What if I told you the food industry often puts labels on foods that are not only misleading, but some are outright lies? Well, sugar-free, low-fat, and fat-free often aren’t any of these. Take sugar-free for example. Just because a food is labeled “sugar-free” that doesn’t mean there is absolutely no sugar in it. The term sugar free actually means there is less than 0.5 grams of sugar per serving according to FDA guidelines. In my book, 0.5 grams of sugar is still sugar! So, if that is the case, then what does “no sugar added” mean? This is a product that already contains a naturally occurring sweetener just nothing has been added by the manufacturer to make it any sweeter.
Another example, “all natural.” This food label is quite vague. You may think it means the food is healthy, but that’s not necessarily true. In fact, it’s not easy to even say what it means.

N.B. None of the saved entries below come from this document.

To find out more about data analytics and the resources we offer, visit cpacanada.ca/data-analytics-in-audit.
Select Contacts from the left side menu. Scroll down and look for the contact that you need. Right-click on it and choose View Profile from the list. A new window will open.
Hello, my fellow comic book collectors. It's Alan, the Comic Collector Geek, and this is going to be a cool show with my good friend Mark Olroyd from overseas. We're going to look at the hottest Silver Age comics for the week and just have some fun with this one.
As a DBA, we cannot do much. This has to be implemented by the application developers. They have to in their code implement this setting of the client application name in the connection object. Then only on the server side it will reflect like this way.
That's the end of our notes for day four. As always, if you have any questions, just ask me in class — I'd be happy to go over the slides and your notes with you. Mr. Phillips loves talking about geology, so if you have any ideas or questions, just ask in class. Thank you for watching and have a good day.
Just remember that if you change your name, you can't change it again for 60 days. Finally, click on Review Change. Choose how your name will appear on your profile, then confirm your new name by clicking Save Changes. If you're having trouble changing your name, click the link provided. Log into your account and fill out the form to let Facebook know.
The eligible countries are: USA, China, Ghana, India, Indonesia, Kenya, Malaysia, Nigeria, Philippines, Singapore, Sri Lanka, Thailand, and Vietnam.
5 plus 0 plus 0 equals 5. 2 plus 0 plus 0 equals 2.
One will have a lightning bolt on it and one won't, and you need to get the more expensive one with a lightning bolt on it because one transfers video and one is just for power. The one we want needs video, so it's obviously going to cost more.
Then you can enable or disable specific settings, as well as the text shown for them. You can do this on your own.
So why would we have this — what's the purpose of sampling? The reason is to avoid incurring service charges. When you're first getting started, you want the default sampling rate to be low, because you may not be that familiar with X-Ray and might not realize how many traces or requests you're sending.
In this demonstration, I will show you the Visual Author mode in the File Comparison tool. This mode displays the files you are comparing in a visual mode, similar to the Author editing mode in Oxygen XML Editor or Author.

The FDA actually doesn’t have an official definition for the use of the term “natural.” However, they do allow food companies to use the term if the food has no added color, artificial flavors, or synthetic substances.
Next, let’s take “low-fat,” and “fat-free.” There’s a lot of confusion associated with the label “fat-free.” Just like with sugar free foods, fat free really means there is less than 0.5 grams of fat per serving, according to the FDA. So not really fat free, is it? So then what are low fat foods? This can be just as confusing. When it comes to foods that claim to be low in fat, what it means is that the product contains 3 grams of fat or less per serving. Reduced fat means the product contains at least 25% less fat than the full-fat version of the food. Lots of wordplay here, so that is why it’s important to be careful about fat claims when analyzing a food label. If you don’t pay attention, you could end up consuming a food that is full of fat and were even talking about the bad fats! According to U.S. News and World Report, “The FDA allows any food with .5 grams of trans fat or less to claim “0 grams trans fat” on the label. If you happen to eat several servings or a few different ‘trans fat-free’ foods during a day, you can wind up consuming a measurable amount, which leads to increased levels of artery-clogging, bad (LDL) cholesterol. Don’t be fooled! Check the ingredient list, and if you see “hydrogenated” or “partially-hydrogenated oil” listed, step away from the package.”
In the end my advice to you is when reading food labels remember that old saying, “caveat emptor.” Buyer Beware! Always read food labels with a certain amount of skepticism.